Did he feel different?
Max had displayed unbelievable courage through that harrowing event. While people around us fell apart, he had held me together. I had lost my shit on that flight and he had cocooned me from the worst.
And we had survived.
Now I was alone and the only person I wanted to be with was him. I didn’t understand that, but that is how I felt.
What would happen if I popped over to his room to see how he was doing? He told me that if I needed anything, I only needed to knock. But I didn’t want to impose. Hadn’t he done enough for me? He had spent the day taking care of me, so I wasn’t sure he wanted to continue to deal with me.

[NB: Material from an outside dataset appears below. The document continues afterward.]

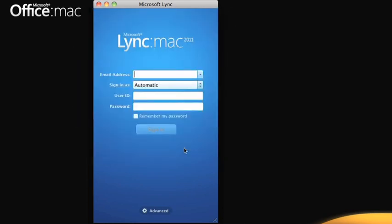Otherwise, just sign in with your email address, user ID, and password. Select this checkbox if you don't want to enter your password each time you sign in.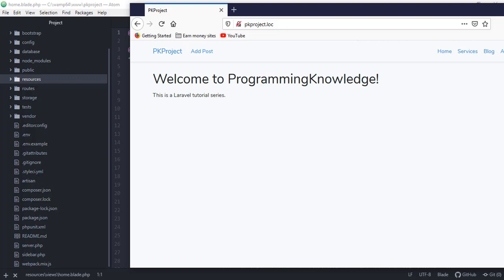Hey, what's up guys, welcome back to our YouTube channel. This is part 16 of our Laravel for beginners tutorial series. In the previous video we worked with user authentication and laid out the model relationships. In this video we're going to discuss how to implement user access control — basically adding a feature to control which pages a user can access.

I can’t be alone right now .
I shoved my feet into my pink converse sneakers which created a ridiculous fashion statement with my robe, but I didn’t care. I moved down the hallway, made it as far as his door, but then couldn’t bring myself to knock. Turning around to go back to my room, I muffled my gasp when his door opened.
We studied each other. Max’s unbuttoned navy dress shirt teased me with a hard expanse of corded muscle. His damp hair indicated he’d recently gotten out of the shower.

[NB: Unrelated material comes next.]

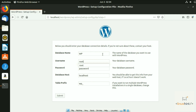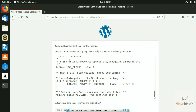Now go back to the browser form and enter the database name as 'WP', the username as 'root', and your MySQL password. Keep the database host as 'localhost' and the table prefix as 'WP'. Click submit. You may see an error saying it can't write the wp-config.php file. If that happens, there is one command that fixes it.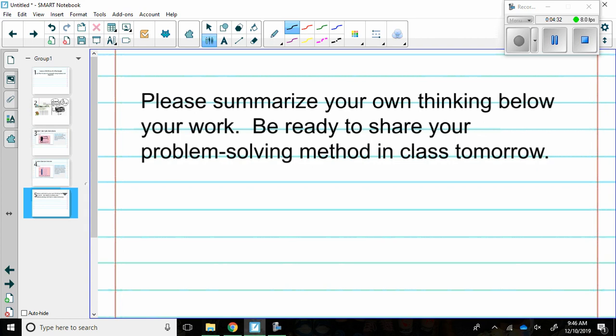Next it says please summarize your own thinking below your work. Be ready to share your problem solving method in class tomorrow. Make sure when you are preparing yourself and using your summary, write down your thoughts. If you got stuck somewhere, write where you got stuck. If you didn't know the next step, write that you didn't know the next step. And then write maybe what you think it might be. Don't be afraid to be honest in your thinking.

Blue eyes took in my runners and housecoat. “I didn’t hear you knock.”
“I was going back to my room. ”
“I was coming to check on you.”
That made me feel better. Enough so I could speak my truth. “I don’t feel like being alone.”
Without speaking, he held his door open wide. I inspected his room.
“Nice room.”
“Is yours different?”
“No. It’s the same.”
“I’ve seen a lot of hotel rooms in my life.”

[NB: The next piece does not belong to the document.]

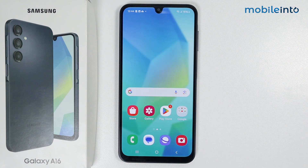In this video I'm going to show you how to create a secure folder on Samsung Galaxy A16.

I glanced at him, interested in the small tidbit of himself that he shared. “Do you travel a lot for work?”
“Yes.”
What did Max do for a living? I debated asking him, but he wasn’t giving me the vibe he wanted to talk about his personal life. I respected that he guarded his personal life, and it's not like I wanted to spill any more of my guts.
He studied me as if he was trying to figure out my train of thought.
“Do you want a drink?”
“Yes please.”
I sat on the edge of his bed and watched as he knelt in front of the minibar.
“Gin and tonic?”
“That sounds nice.” I watched as he poured my drink.
“I don’t have ice.”
“That’s fine.”
He poured himself a scotch, handed me my glass and then sat on the chair by the table, a few feet away from me.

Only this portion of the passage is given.